The San Francisco 49ers said Sunday they plan to release linebacker Reuben Foster after he was arrested at the team hotel in Tampa, Florida, on a domestic violence charge.
An arrest report from the Hillsborough County Sheriff’s office said Foster was booked into jail at 11:11 p.m. Saturday and released Sunday on $2,000 bail. Foster was arrested by Tampa police at 9:10 p.m. at the Grand Hyatt hotel where the team was staying before playing the Tampa Bay Buccaneers.
“He was really taking some very positive steps and maturing in a really nice fashion,” general manager John Lynch told reporters before the game.
“Unfortunately in life there’s consequences for your actions.

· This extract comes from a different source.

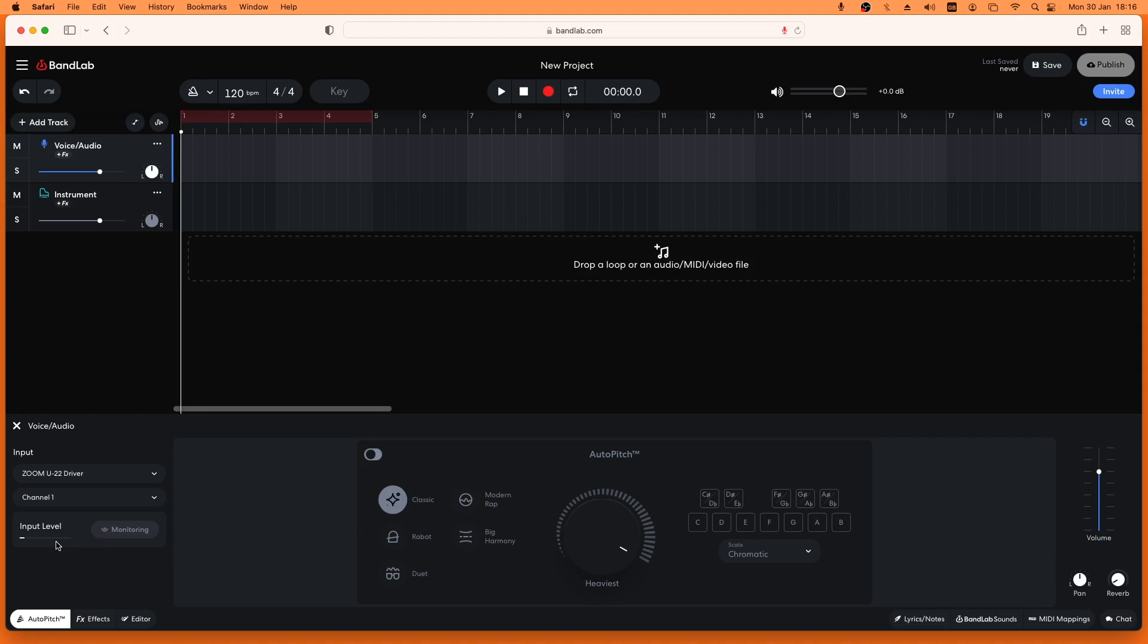If it doesn't you need to adjust the mic input level. If you are using an audio interface adjust the input gain knob. If you are using a USB microphone click on the link at the end of this video to see my video on how to change the input gain for a USB microphone.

When you show bad judgment, particularly after something has been communicated very clearly what the expectations are, there are consequences.”
Foster will be placed on waivers officially on Monday. The other 31 teams will have an opportunity to claim him, although the NFL could place him on the commissioner’s exempt list if he is signed. Spokesman Brian McCarthy said the league is reviewing the matter.
The 24-year-old Foster was charged with one count of first-degree misdemeanor domestic violence. Tampa Police spokeswoman Janelle McGregor said a woman told police that Foster slapped her phone out of her hand, pushed her in the chest area and slapped her with an open hand on the left side of her face. McGregor said officers observed a 1-inch scratch on the accuser’s left collarbone.
McGregor said officers learned that Foster had lived with the woman in the past and had been involved in an on-and-off relationship with her over the past three years. Police later confirmed the woman was Elissa Ennis, who had accused Foster of hitting her in February but later recanted the allegations.
Lynch said the incident didn’t happen on the two secure floors of the hotel reserved for the team, saying players have the opportunity to rent rooms in other parts of the hotel for friends and family members.
Lynch and coach Kyle Shanahan said in April following that arrest on domestic violence charges that were eventually dropped after the recantation that the team had a zero-tolerance policy.
Lynch said he had not made a judgment on whether Foster hit Ennis but felt the decision to cut ties with the 2017 first-round pick was necessary.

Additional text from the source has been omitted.